My background is as an embedded SW engineer formally trained as an aerodynamics and mechanical engineer. All my EE knowledge has been picked up on the job, via my home lab, or by reading.
Any web resources, books, fair tales, or other material you have found particularly useful that I could be reading?
You probably need more than just by-pass caps when there are severe transits near your circuit. Notice I said near and not on your circuit. A little study of magnetic fields and current flow will give you an idea of what can happen.
I’m also sure that your circuits as built will not pass CE certification for ESD. (another google term for you)
A device that can help is a TVS (Transient Voltage Suppressor). Although if you have a poor PCB design even TVS’s won’t help enough. Does your PCBs have a good low impedance ground plane?
You now need to discovery what part of your circuit is susceptible and fix that. Hint: You may need more than one fix (ie. cap on one part of circuit and TVS on another).

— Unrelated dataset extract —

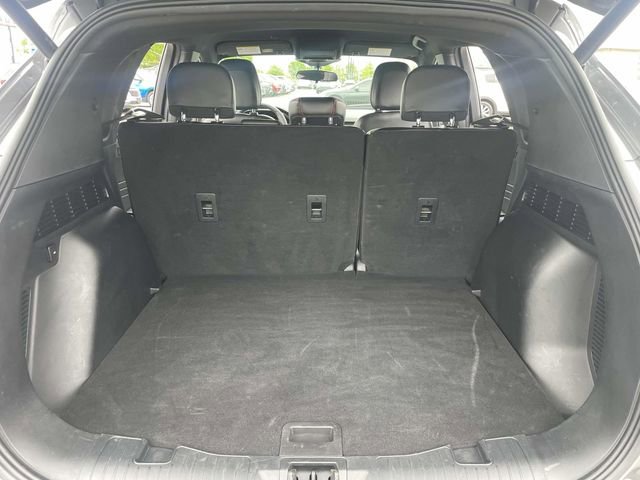Used 2024 Ford Escape ST-Line image 6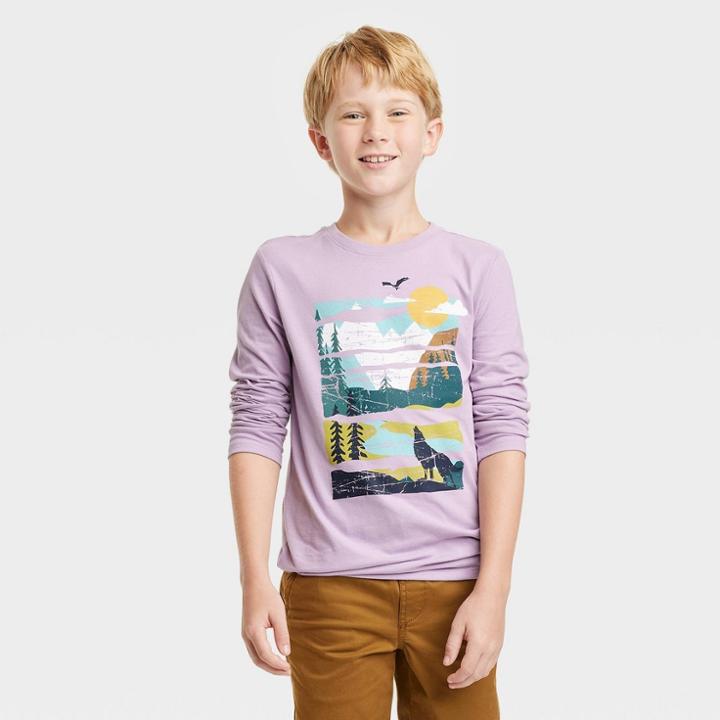 Boys' 'scenic Mountain Painting' Long Sleeve Graphic T-shirt - Cat & Jack Purple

This is not an easy issue to trouble shoot and fix. Good luck.
waltr:
This is not an easy issue to trouble shoot and fix.
Your not kidding. The car horn project started out running from a motorcycle battery to power the whole thing. By the time I gave up, I had a 9V to run the MSP. The GPIO to run the horn went to an optical isolator, then to a FET to drive an automotive relay (with kickback diode), to drive a car horn (also with kickback diodes). The FET, relay, and horn were on the motor cycle battery. They did not even share a common ground as I was worried about ‘ground bounce’.
I added ferrite beads to the horn leads. I added various caps across the horn contacts. I wrapped the MSP430 in copper tape and located it 3 feet away from the horn. I insured there were no non-committed pins on the MSP. No reduction in failure rates and NO visible glitch on the power line using a 500 MHz scope and 10x probe. ARGHHHHH! I suspect Tachyon beam emissions.
I will look into TSVs as well as researching CE/ESD data (although my device is just for home use).
When I discovered the same sickness in my lightning detector last night I had this overwhelming feeling of dread. Small simulated strikes worked great. Large bolts caused a reboot. But this time, I did see a glitch in the power supply to the MSP. And hence my desire to learn how to spec caps to remove specific size and duration of spikes.
leon_heller:
The use of a solderless breadboard is probably the main cause of your problems; I avoid them like the plague for actual MCU prototyping.
Yes, I suspect that the breadboard is a large chunk of the problem. But the car horn issue was on point to point “doughnut per hole” perfboard. I do wish to transition to some custom PCBs, but still need to learn about design rules for ground planes, bypass caps, routing, …
fll-freak:
I added ferrite beads to the horn leads. I added various caps across the horn contacts. I wrapped the MSP430 in copper tape and located it 3 feet away from the horn. I insured there were no non-committed pins on the MSP. No reduction in failure rates and NO visible glitch on the power line using a 500 MHz scope and 10x probe. ARGHHHHH! I suspect Tachyon beam emissions.
Nothing so strange as Tachyons, just common ordinary magnetic fields. I recommend you locate a copy of:
The copper tape cannot shield out magnetic fields. For that you need expensive mumetal.
Your horn circuit has high di/dt which creates a changing magnetic field which induces a current in nearby conductors. You can minimize this effect by controlling the loop area at both ends. Make sure that in the horn circuit the return wire is parallel to the wire carrying the high current. Twisted pairs are very good here. Distance between the source and susceptible circuit also helps. (If you had the optocoupler located with the other high power devices then the wires to drive it form a loop and you need to use twisted pair.)
On the MSP430 end the usual technique is a ground plane although you could carefully route wires and return paths side by side.